04 maio 2021

Das autobiografias não autorizadas

Aqui há algumas semanas escrevi um post em que referia que os esquimós têm 15 palavras para neve; talvez fossem 13 e talvez fossem os lapões. Nestas partidas do destino leio por aí que são 52, afinal - e que são os esquimós. Não me enganei em tudo.

A introdução serve para o resto do post: não há garantia de reproduzir a história como ma contaram, não há garantia sequer da história ser verdade. Porém, mesmo que não seja exactamente assim, serve o propósito.
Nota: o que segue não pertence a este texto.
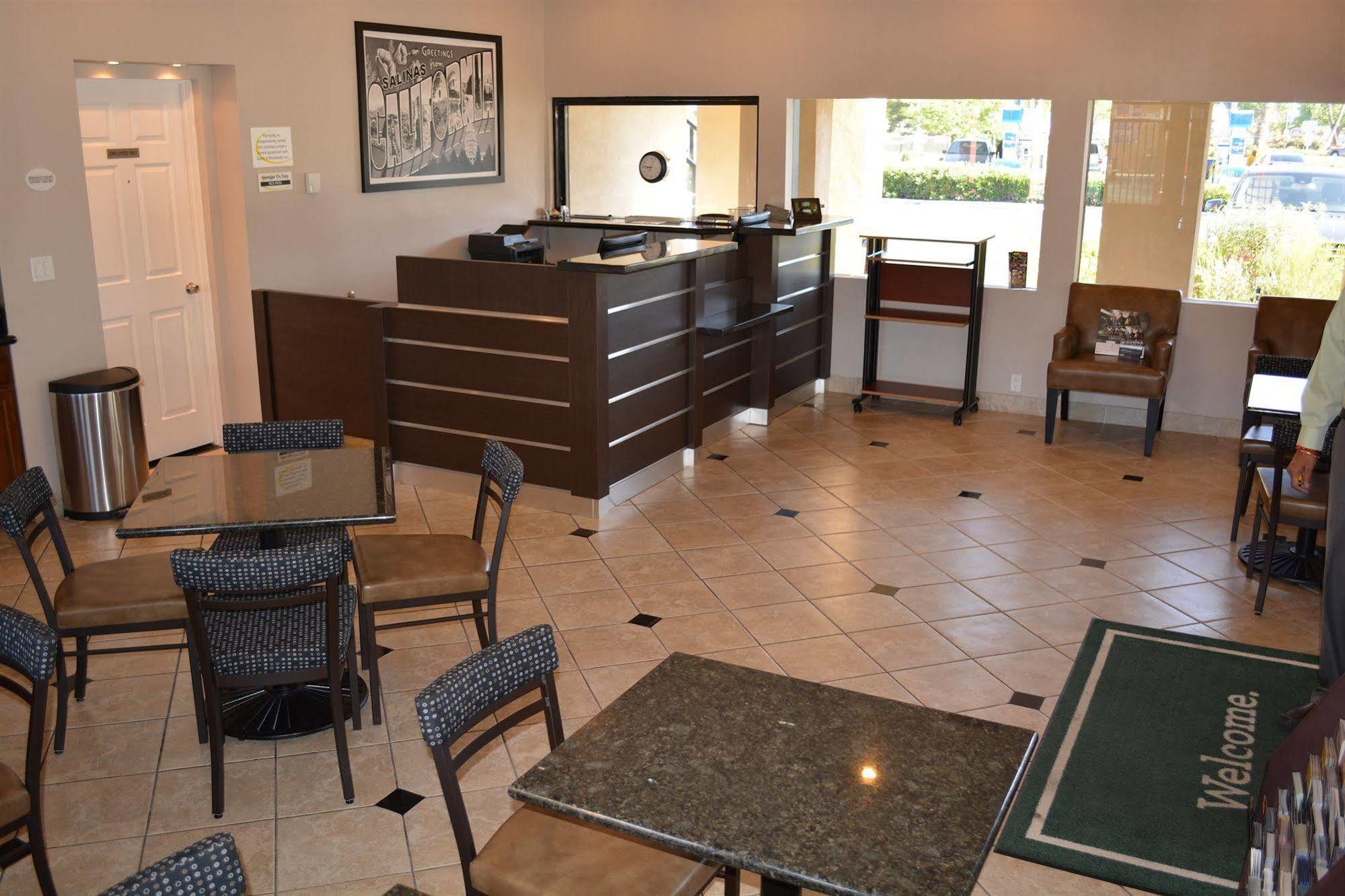 Super 8 By Wyndham Salinas Motel Kültér fotó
Afinal, entre 15 palavras para neve e 52 palavras para neve a diferença não é muita. 

Sartre teria vivido até tarde com a mãe, com quem tinha uma boa relação. A mãe, cujo feitio desconheço, terá lido a autobiografia do filho - que era Sarte - e terá dito apenas isto: "não percebeu nada." De uma certa forma, e a ser verdade, esta autobiografia do escritor poderia abrir espaço para uma classificação "autobiografia não autorizada.". Se há biografias não autorizadas, porque os biografados não se revêem no que foi escrito ou não autorizaram a que algumas coisas tivessem sido escritas, porque não ter o mesmo raciocínio com as autobiografias?
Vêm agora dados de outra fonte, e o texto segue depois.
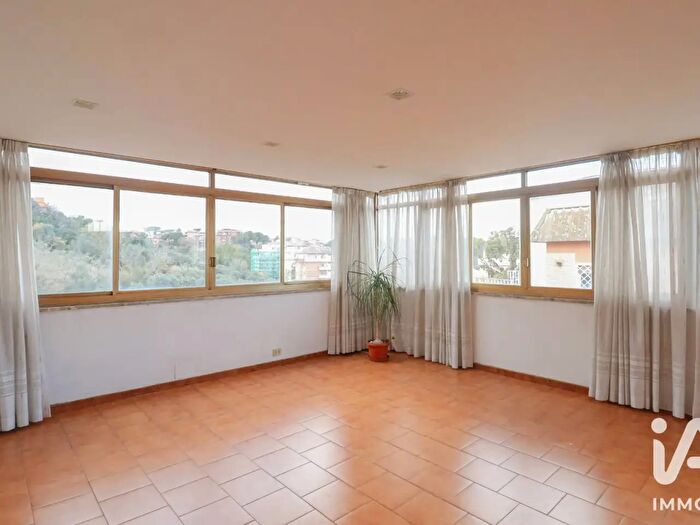 Appartamento con 5 locali in vendita in Via Portuense, Roma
Se dermos razão à mãe de Sartre, o escritor não percebeu nada do que foi a sua vida ou, sei lá eu, a sua infância mais primeira, para a qual olhamos mais tarde com um olhar adulto. Talvez ele dissesse que gostava obsessivamente de ler em criança, e o fazia às escondidas debaixo dos lençóis com uma lanterna; e talvez a mãe se lembrasse (ou apenas imaginasse, que me fogem as cronologias) do Barthes, que falava dessas coisas de criança como uma espécie de síndrome do Nautilus, onde se está dentro de uma bolha de protecção e controlo.

Há pessoas que não perceberam nada do que foi a sua vida, que olham para ela e vêem a mãe ou o pai, e afinal era um chapéu ou o merceeiro, que se lembram do medo do escuro e afinal era apenas o horror à astronomia. Eu sei que divago, que devia estudar melhor a lição, ir buscar o Freud e coisas assim, mas estou sem cabeça e lembrei-me desta história: uma mãe que olha para a autobiografia do filho e diz apenas: "não percebeu nada.". Talvez Sartre devesse ter pedido autorização à mãe; mal não lhe faria.